■ **Assignment**
No picture belongs in the answer, which must hold exactly the lines from the one with "2024 Trails West royale bp plus" through the final line below.

** Opening Provided data block **

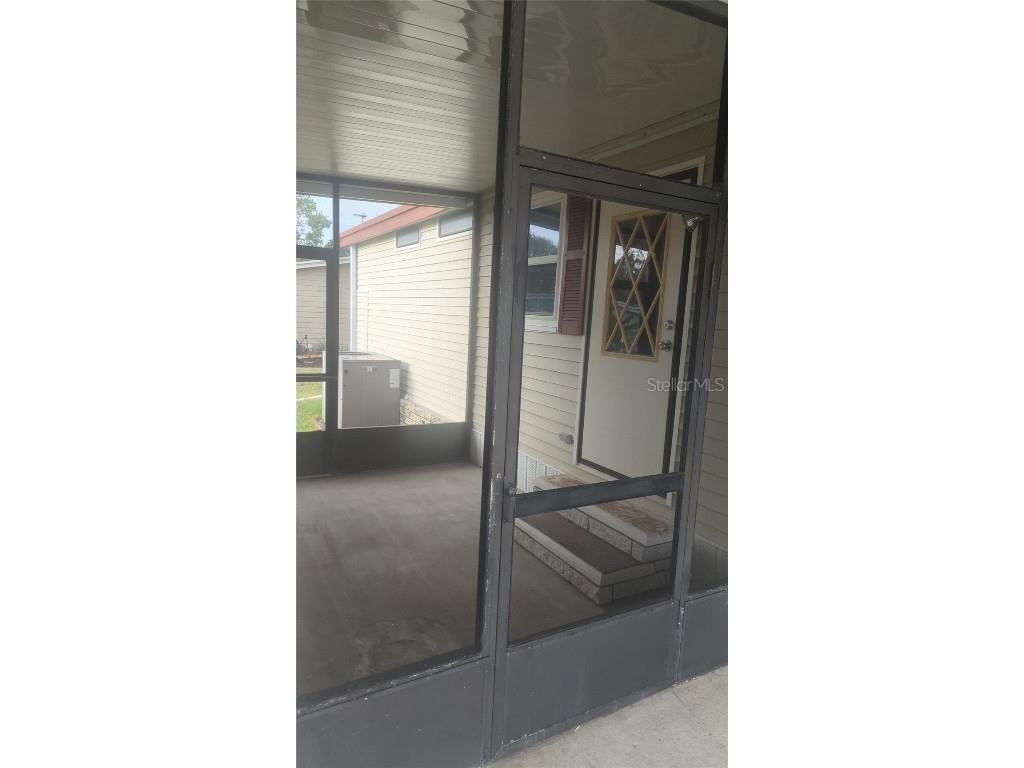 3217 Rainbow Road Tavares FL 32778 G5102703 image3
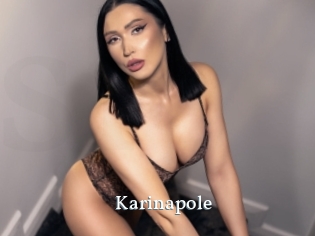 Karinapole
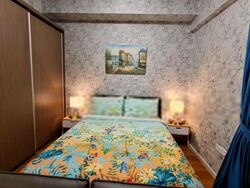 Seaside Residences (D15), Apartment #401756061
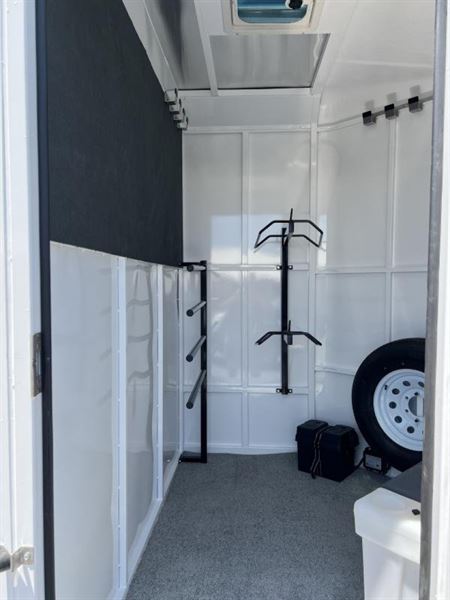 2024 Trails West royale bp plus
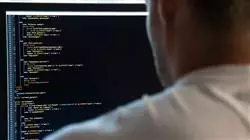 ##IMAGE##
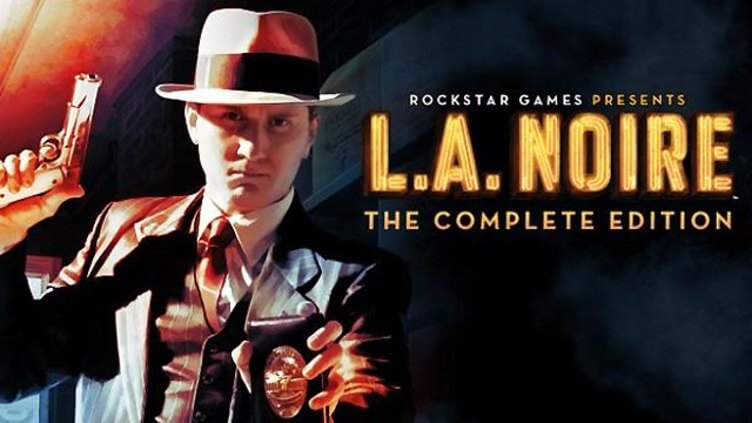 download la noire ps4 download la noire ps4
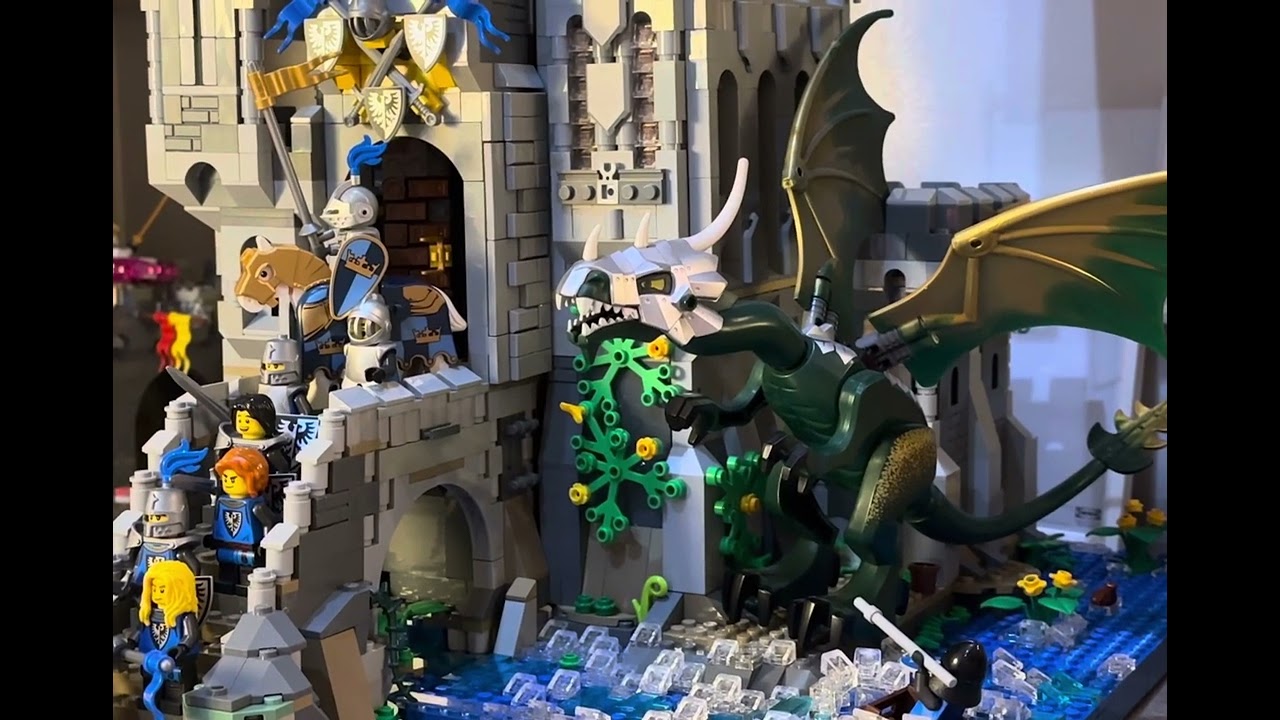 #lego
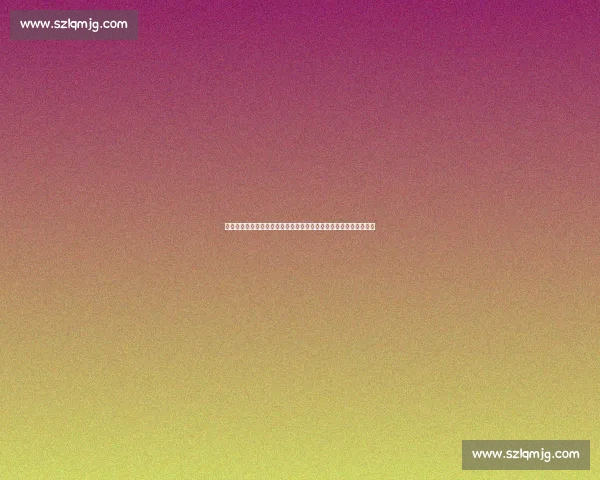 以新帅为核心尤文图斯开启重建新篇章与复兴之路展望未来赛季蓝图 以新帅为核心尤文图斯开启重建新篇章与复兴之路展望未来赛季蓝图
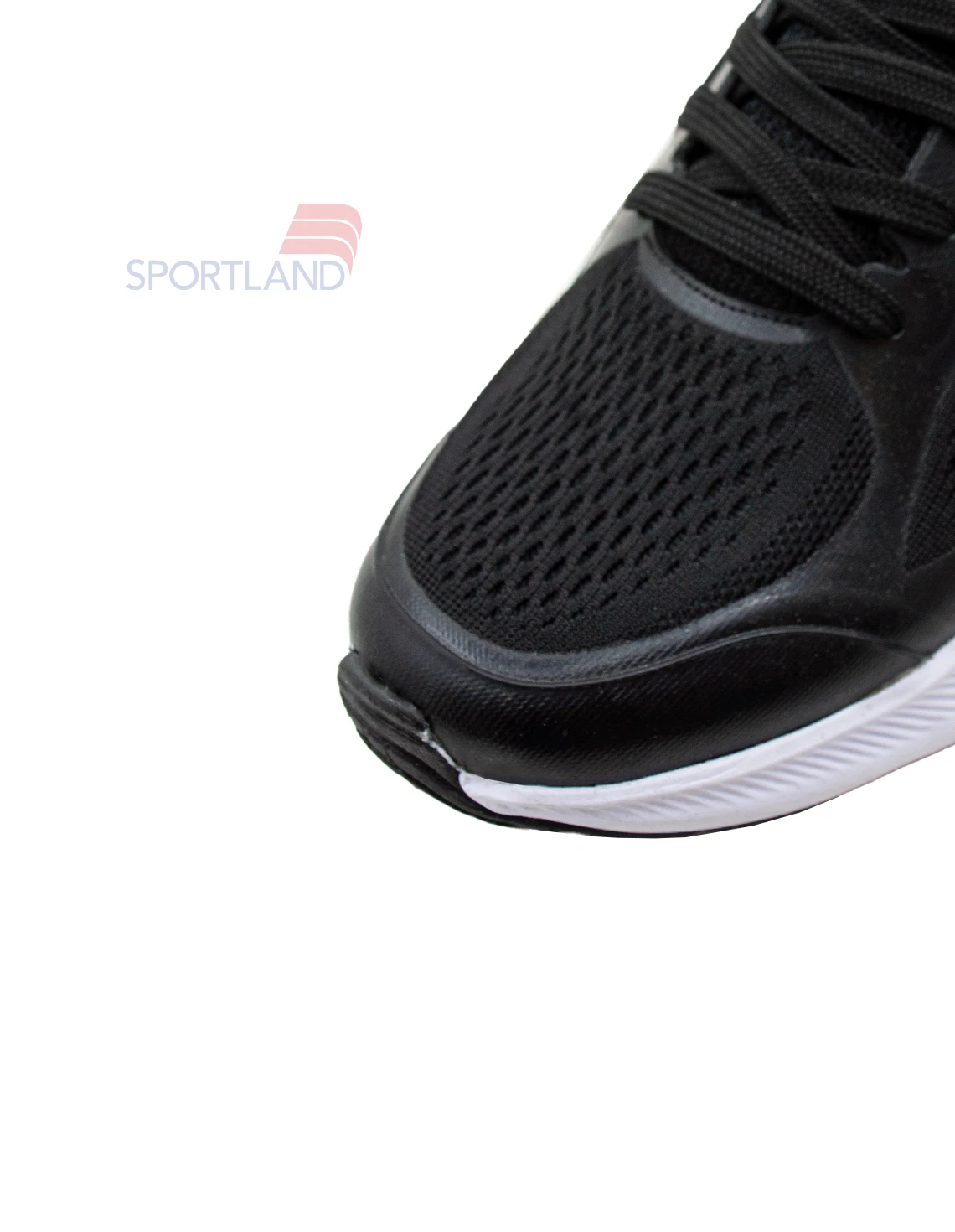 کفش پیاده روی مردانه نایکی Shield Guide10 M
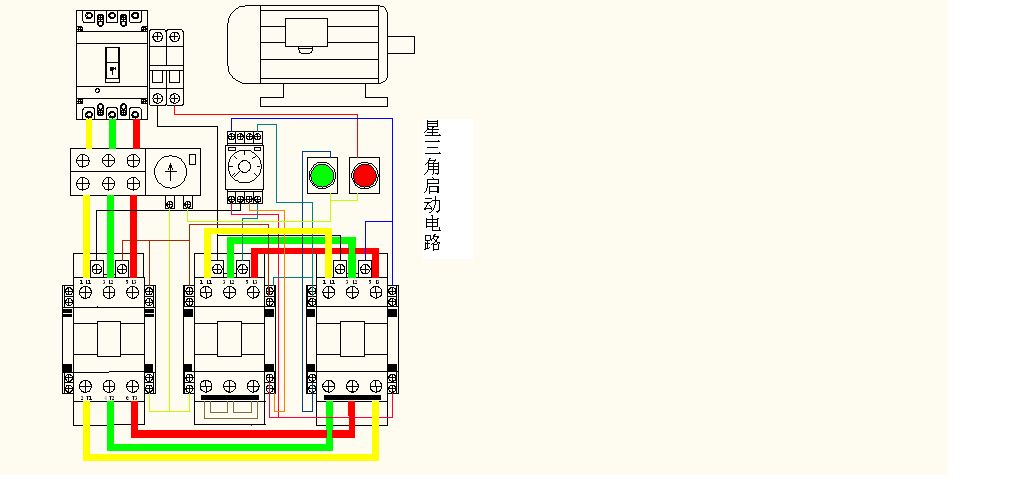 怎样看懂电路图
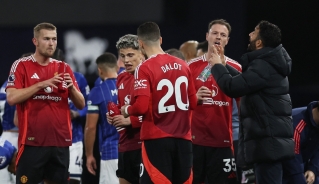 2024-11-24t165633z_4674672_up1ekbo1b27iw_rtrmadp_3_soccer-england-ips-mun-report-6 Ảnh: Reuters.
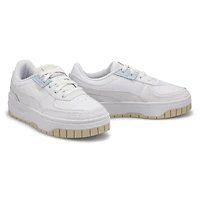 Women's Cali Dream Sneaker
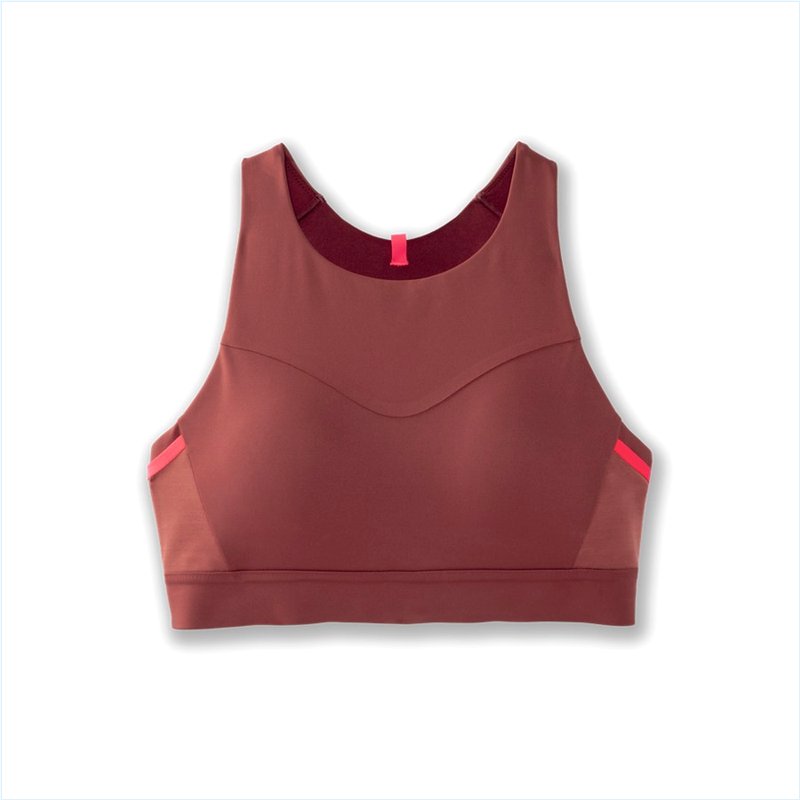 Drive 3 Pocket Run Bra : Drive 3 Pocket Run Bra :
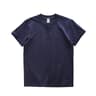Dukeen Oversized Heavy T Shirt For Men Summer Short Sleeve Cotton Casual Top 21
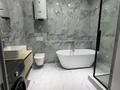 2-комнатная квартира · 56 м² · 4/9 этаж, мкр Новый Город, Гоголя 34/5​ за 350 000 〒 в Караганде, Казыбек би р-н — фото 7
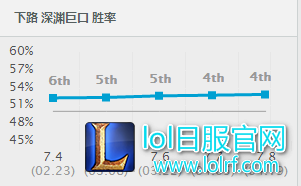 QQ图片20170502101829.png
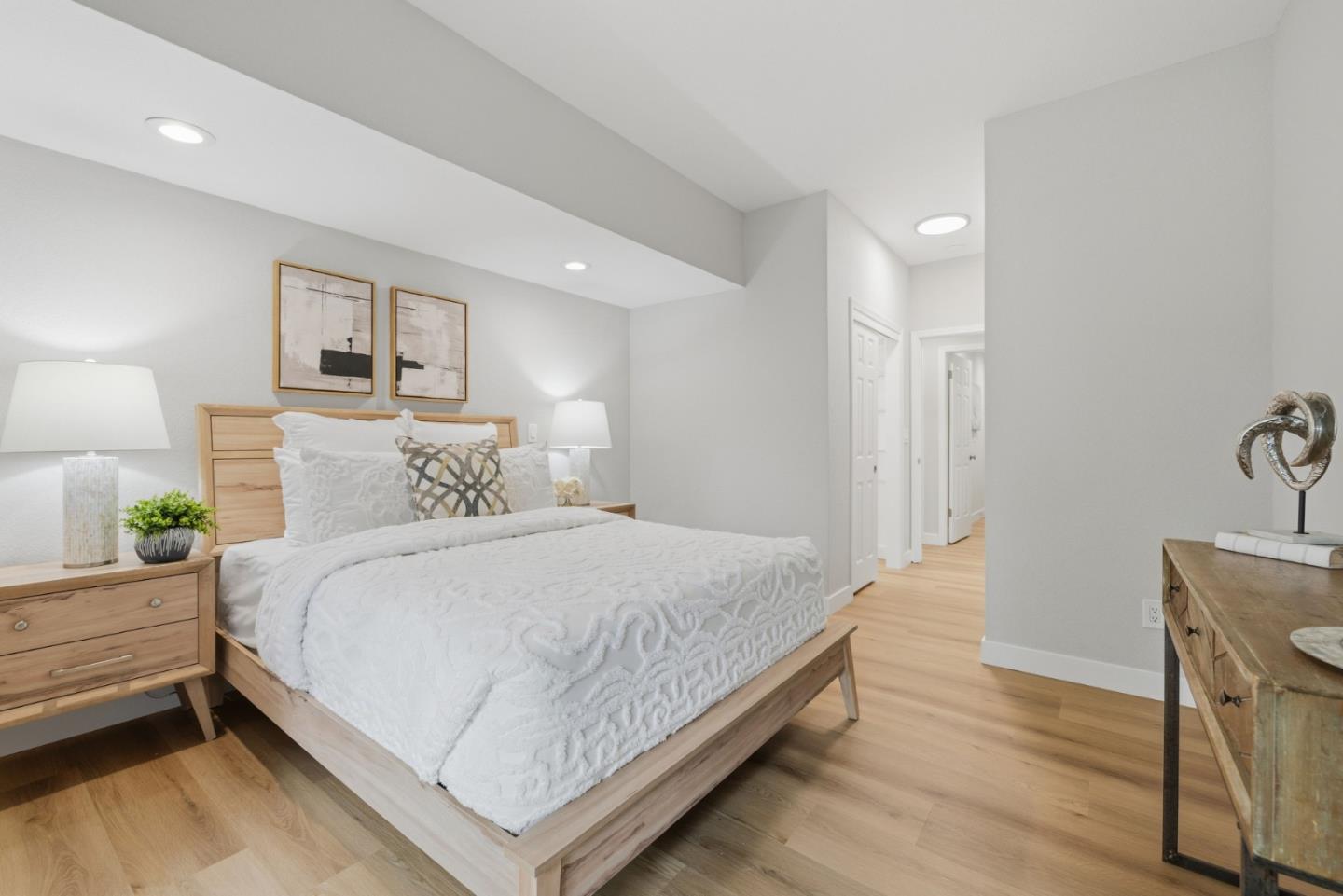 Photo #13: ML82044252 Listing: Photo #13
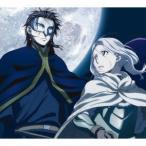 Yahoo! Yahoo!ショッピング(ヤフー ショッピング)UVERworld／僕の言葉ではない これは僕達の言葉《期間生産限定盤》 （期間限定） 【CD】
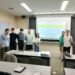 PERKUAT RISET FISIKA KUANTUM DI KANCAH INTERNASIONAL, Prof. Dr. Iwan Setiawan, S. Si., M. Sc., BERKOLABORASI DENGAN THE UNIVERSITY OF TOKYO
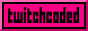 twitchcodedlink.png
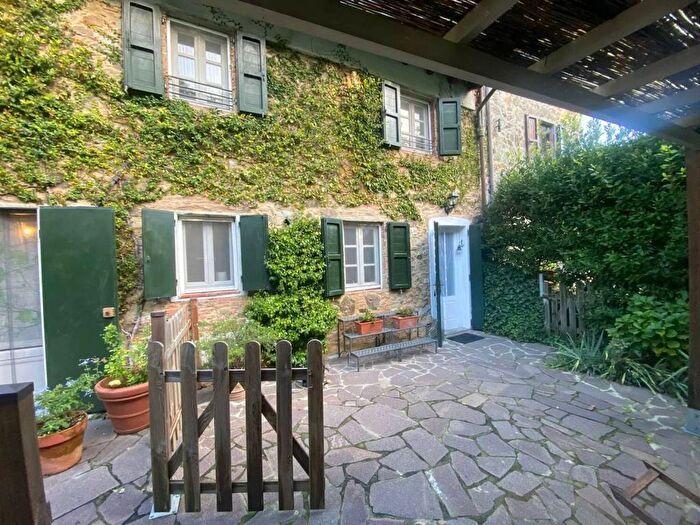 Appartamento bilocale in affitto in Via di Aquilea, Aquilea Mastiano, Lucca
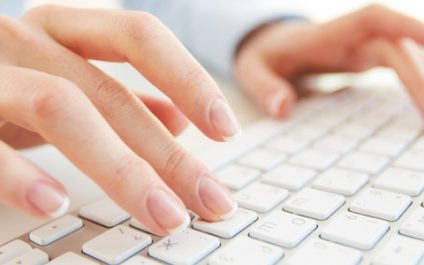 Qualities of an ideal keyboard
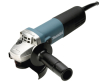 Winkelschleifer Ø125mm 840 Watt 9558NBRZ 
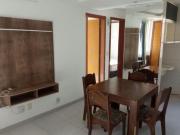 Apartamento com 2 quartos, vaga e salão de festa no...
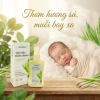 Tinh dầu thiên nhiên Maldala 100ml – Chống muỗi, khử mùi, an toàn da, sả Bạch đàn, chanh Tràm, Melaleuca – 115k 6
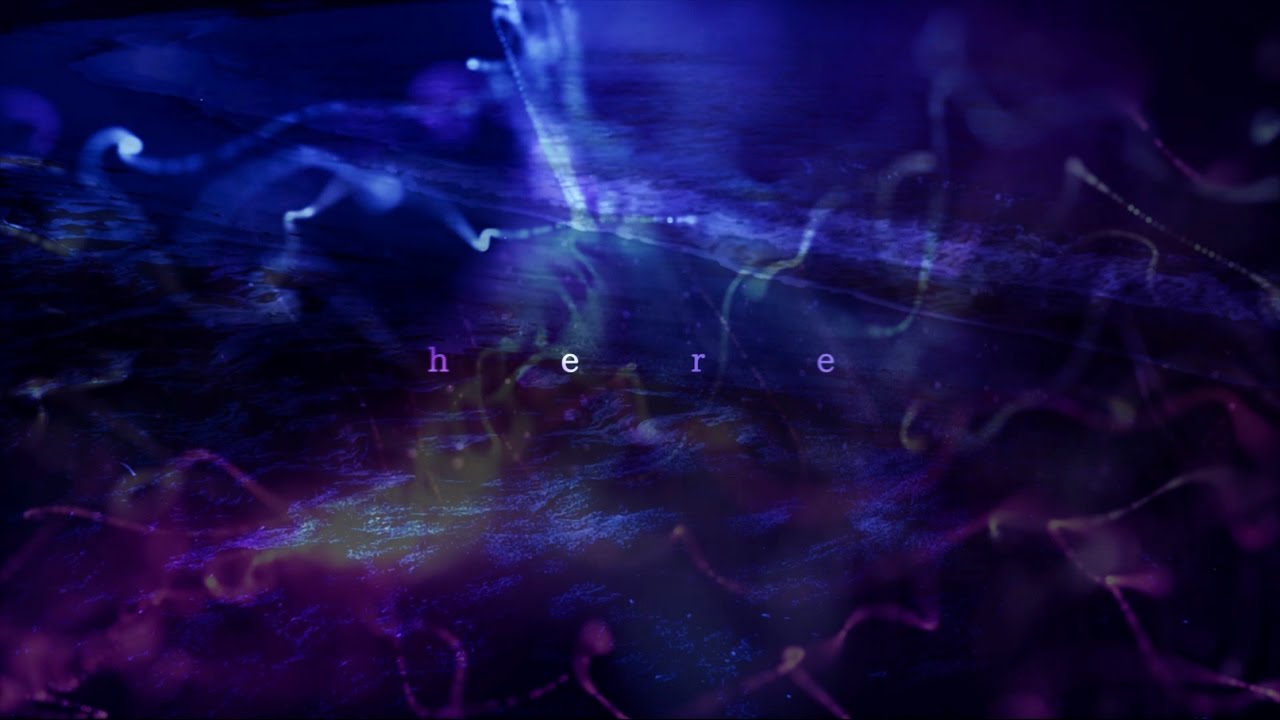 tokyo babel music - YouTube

** Closing Provided data block **

■ **Task output**
 2024 Trails West royale bp plus
 ##IMAGE##
 download la noire ps4 download la noire ps4
 #lego
 以新帅为核心尤文图斯开启重建新篇章与复兴之路展望未来赛季蓝图 以新帅为核心尤文图斯开启重建新篇章与复兴之路展望未来赛季蓝图
 کفش پیاده روی مردانه نایکی Shield Guide10 M
 怎样看懂电路图
 2024-11-24t165633z_4674672_up1ekbo1b27iw_rtrmadp_3_soccer-england-ips-mun-report-6 Ảnh: Reuters.
 Women's Cali Dream Sneaker
 Drive 3 Pocket Run Bra : Drive 3 Pocket Run Bra :
Dukeen Oversized Heavy T Shirt For Men Summer Short Sleeve Cotton Casual Top 21
 2-комнатная квартира · 56 м² · 4/9 этаж, мкр Новый Город, Гоголя 34/5​ за 350 000 〒 в Караганде, Казыбек би р-н — фото 7
 QQ图片20170502101829.png
 Photo #13: ML82044252 Listing: Photo #13
 Yahoo! Yahoo!ショッピング(ヤフー ショッピング)UVERworld／僕の言葉ではない これは僕達の言葉《期間生産限定盤》 （期間限定） 【CD】
 PERKUAT RISET FISIKA KUANTUM DI KANCAH INTERNASIONAL, Prof. Dr. Iwan Setiawan, S. Si., M. Sc., BERKOLABORASI DENGAN THE UNIVERSITY OF TOKYO
 twitchcodedlink.png
 Appartamento bilocale in affitto in Via di Aquilea, Aquilea Mastiano, Lucca
 Qualities of an ideal keyboard
 Winkelschleifer Ø125mm 840 Watt 9558NBRZ 
 Apartamento com 2 quartos, vaga e salão de festa no...
 Tinh dầu thiên nhiên Maldala 100ml – Chống muỗi, khử mùi, an toàn da, sả Bạch đàn, chanh Tràm, Melaleuca – 115k 6
 tokyo babel music - YouTube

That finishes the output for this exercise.